> _Work request_: Quote the entries below from the line with "Mac Studio Fix Fluid SPF 15 Foundation NC20." through the line with "Recenze & testy: Lexus", both ends included, and only those lines.

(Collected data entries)
┌────────

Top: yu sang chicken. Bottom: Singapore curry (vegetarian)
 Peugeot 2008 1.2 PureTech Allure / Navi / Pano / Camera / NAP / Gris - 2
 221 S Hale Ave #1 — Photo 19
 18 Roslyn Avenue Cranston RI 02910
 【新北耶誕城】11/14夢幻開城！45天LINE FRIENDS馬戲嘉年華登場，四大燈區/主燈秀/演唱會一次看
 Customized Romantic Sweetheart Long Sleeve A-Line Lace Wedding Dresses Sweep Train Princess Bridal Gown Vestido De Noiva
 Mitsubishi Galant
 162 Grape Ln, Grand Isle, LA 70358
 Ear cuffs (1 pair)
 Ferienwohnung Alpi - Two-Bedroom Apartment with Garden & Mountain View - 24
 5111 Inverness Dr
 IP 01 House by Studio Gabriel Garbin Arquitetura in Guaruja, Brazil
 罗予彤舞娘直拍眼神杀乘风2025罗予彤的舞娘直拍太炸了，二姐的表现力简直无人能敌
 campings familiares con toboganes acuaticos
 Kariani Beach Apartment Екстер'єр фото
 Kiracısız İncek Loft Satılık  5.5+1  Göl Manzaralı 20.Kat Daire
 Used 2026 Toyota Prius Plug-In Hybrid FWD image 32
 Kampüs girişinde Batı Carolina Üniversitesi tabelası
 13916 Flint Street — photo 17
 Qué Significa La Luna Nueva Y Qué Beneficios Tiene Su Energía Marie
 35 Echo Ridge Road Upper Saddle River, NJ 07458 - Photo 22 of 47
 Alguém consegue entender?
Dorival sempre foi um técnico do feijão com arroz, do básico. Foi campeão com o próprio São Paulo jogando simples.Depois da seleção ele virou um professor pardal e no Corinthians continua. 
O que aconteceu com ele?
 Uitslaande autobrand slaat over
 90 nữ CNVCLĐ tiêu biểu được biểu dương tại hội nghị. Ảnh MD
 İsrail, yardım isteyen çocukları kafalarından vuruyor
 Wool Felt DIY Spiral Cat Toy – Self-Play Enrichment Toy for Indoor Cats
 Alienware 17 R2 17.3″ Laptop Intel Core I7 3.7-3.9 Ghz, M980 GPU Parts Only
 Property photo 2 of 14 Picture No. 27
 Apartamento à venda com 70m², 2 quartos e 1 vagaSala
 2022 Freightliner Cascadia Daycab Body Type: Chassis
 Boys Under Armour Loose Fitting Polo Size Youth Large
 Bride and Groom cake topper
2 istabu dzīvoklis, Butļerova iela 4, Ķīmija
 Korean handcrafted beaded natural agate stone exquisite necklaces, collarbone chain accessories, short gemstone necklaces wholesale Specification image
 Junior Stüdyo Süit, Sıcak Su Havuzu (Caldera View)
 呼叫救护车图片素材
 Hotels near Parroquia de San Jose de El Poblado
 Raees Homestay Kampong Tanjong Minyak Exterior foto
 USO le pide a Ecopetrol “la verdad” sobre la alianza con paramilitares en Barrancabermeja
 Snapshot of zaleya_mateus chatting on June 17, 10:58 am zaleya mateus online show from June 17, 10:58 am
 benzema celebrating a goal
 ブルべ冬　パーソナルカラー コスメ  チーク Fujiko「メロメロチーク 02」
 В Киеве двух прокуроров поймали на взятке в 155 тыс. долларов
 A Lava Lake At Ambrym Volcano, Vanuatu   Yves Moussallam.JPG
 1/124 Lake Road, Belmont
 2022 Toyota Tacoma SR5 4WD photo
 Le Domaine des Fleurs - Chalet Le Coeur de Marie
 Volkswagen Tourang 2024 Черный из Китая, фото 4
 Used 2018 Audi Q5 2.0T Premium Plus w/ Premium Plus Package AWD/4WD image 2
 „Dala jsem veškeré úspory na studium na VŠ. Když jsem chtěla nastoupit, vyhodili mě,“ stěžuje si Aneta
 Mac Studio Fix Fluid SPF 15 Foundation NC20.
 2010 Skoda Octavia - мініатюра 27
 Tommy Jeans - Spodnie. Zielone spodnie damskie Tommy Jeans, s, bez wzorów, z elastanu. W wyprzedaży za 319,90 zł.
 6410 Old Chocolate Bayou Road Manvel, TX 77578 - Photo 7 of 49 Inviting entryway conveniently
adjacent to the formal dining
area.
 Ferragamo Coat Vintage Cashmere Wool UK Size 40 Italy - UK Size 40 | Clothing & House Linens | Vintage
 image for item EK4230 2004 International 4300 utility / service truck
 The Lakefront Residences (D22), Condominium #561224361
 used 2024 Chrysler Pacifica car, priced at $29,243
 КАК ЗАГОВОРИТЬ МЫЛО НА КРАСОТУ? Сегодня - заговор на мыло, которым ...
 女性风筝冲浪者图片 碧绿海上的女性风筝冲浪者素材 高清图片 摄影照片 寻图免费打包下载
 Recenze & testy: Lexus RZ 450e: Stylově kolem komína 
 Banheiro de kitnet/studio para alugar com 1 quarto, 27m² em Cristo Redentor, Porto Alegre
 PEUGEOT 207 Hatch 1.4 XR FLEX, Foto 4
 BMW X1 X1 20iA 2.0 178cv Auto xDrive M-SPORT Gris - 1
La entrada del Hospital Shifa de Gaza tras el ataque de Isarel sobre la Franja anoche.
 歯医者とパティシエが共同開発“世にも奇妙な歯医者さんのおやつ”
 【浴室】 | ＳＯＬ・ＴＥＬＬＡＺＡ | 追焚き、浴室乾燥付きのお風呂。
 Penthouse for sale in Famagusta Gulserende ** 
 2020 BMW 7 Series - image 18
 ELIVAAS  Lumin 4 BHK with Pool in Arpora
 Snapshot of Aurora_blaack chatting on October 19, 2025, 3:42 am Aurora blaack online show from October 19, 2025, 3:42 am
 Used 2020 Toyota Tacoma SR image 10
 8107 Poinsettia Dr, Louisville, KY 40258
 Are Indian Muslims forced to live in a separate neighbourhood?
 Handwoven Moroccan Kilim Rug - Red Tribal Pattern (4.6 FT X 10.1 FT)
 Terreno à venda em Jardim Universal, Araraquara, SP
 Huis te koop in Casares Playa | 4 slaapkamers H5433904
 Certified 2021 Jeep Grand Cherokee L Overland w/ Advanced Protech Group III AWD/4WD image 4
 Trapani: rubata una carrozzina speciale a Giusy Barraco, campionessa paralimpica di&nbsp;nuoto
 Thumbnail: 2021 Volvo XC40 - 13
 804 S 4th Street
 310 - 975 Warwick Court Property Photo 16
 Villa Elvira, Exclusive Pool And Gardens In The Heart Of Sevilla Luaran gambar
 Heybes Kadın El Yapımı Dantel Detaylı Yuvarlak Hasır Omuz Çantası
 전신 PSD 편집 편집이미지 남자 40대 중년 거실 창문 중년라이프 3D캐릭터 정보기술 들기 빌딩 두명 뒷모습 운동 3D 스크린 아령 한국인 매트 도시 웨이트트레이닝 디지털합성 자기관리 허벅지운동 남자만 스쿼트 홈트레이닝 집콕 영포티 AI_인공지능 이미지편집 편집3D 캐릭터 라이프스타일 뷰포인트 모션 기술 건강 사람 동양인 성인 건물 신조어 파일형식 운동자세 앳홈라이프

└────────

> _Output of the task_:
 Mac Studio Fix Fluid SPF 15 Foundation NC20.
 2010 Skoda Octavia - мініатюра 27
 Tommy Jeans - Spodnie. Zielone spodnie damskie Tommy Jeans, s, bez wzorów, z elastanu. W wyprzedaży za 319,90 zł.
 6410 Old Chocolate Bayou Road Manvel, TX 77578 - Photo 7 of 49 Inviting entryway conveniently
adjacent to the formal dining
area.
 Ferragamo Coat Vintage Cashmere Wool UK Size 40 Italy - UK Size 40 | Clothing & House Linens | Vintage
 image for item EK4230 2004 International 4300 utility / service truck
 The Lakefront Residences (D22), Condominium #561224361
 used 2024 Chrysler Pacifica car, priced at $29,243
 КАК ЗАГОВОРИТЬ МЫЛО НА КРАСОТУ? Сегодня - заговор на мыло, которым ...
 女性风筝冲浪者图片 碧绿海上的女性风筝冲浪者素材 高清图片 摄影照片 寻图免费打包下载
 Recenze & testy: Lexus RZ 450e: Stylově kolem komína 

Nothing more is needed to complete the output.